Namibia Part II: Mountains And Sand Dunes
The number one rule about driving in Namibia is Never Drive At Night. Obviously you can if you are staying in an urban area, and there are street lights. But if you are out in the woop woops, then when night falls, you avoid the roads. There is no lighting and animals like to lie on them and soak up the warmth, especially if they are sealed. And when even a medium sized antelope can make a mess of your car and the nearest garage may be 100s of kms away, it’s not a risk you want to take.
Unfortunately, we broke this rule our second night in Namibia. We simply miscalculated how long it was going to take to travel the 160 kms between Windhoek and our Lodge in the Naukluft Mountains. We were so taken with the quiet gravel road and our sightings of so many animals on the way, that we dilly dallied a little too enthusiastically and before we knew it, it was 5:30 pm and night was falling.
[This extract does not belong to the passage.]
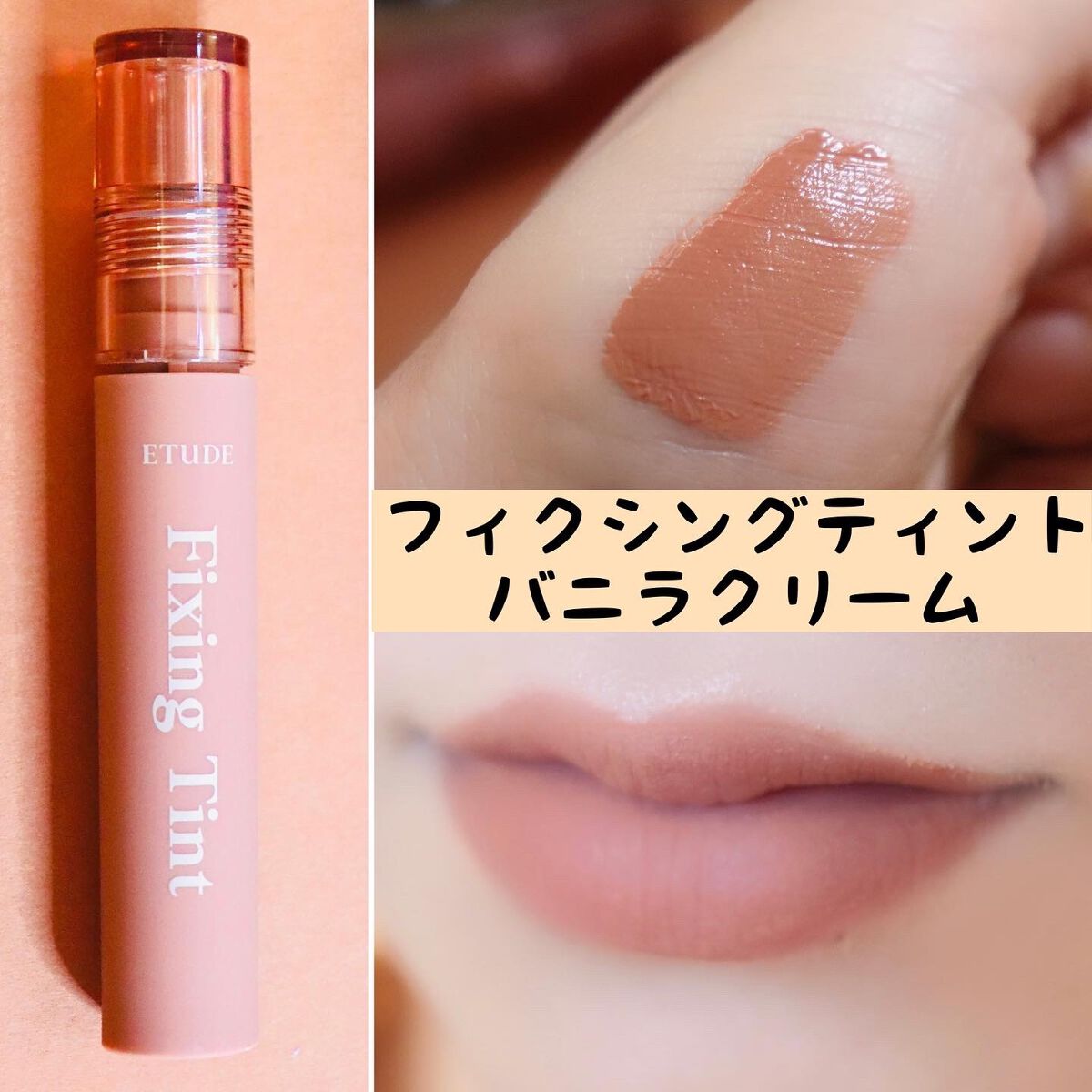 プレイカラー アイシャドウ/ETUDE/アイシャドウパレットを使ったクチコミ(5枚目)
It was a race between my driving and the sun going down in the end, and the sun won. We kept on driving regardless; it’s winter in Namibia at the moment and although it’s warm enough during the day, the nights are cold! We did not fancy sleeping in the car.
Finally we made it. Corona Guest Farm is in the middle of no where, in a large plateau at the foot of one of the highest mountains in Namibia. We couldn’t see much when we arrived, but were welcomed in, shown our rooms and fed a very good Onyx steak ( The kids had pasta).
We admired the stars and I gazed longingly at The Southern Cross for a bit, then went to bed and slept very soundly. We were supposed to stay 2 nights at Corona, but our delayed flight put paid to that and we had to leave the following morning.
I woke early, got dressed and tiptoed out to see this view.
It was a lovely place, and we wished we had longer here but managed a short walk down to a nearby spring. There was no chance of us sneaking up on anything as we made so much noise on foot; at least our safaris will be by vehicle!
As we left the property we were watched by a herd of mountain zebra; the kids were delighted.
We were heading south to a guest house 47km north of Sesriem, and the sand dunes surrounding Sossusvlei. The gravel road had been newly graded and we had one eye on the clock as we’d been told we should drive down to Sesriem and purchase tickets for entry to the dunes the following day, so we made good time even though we stopped for the obligatory photo at the Tropic of Capricorn.
When we arrived at Weltevrede Guest farm, we were told that there was no need to purchase gate passes in advance as these days, they simply took your licence plate number and charged you on the way out. So we settled in to our basic, but clean, accommodation and the kids enjoyed running around in the sunshine rather than being cooped up in a car for another couple of hours.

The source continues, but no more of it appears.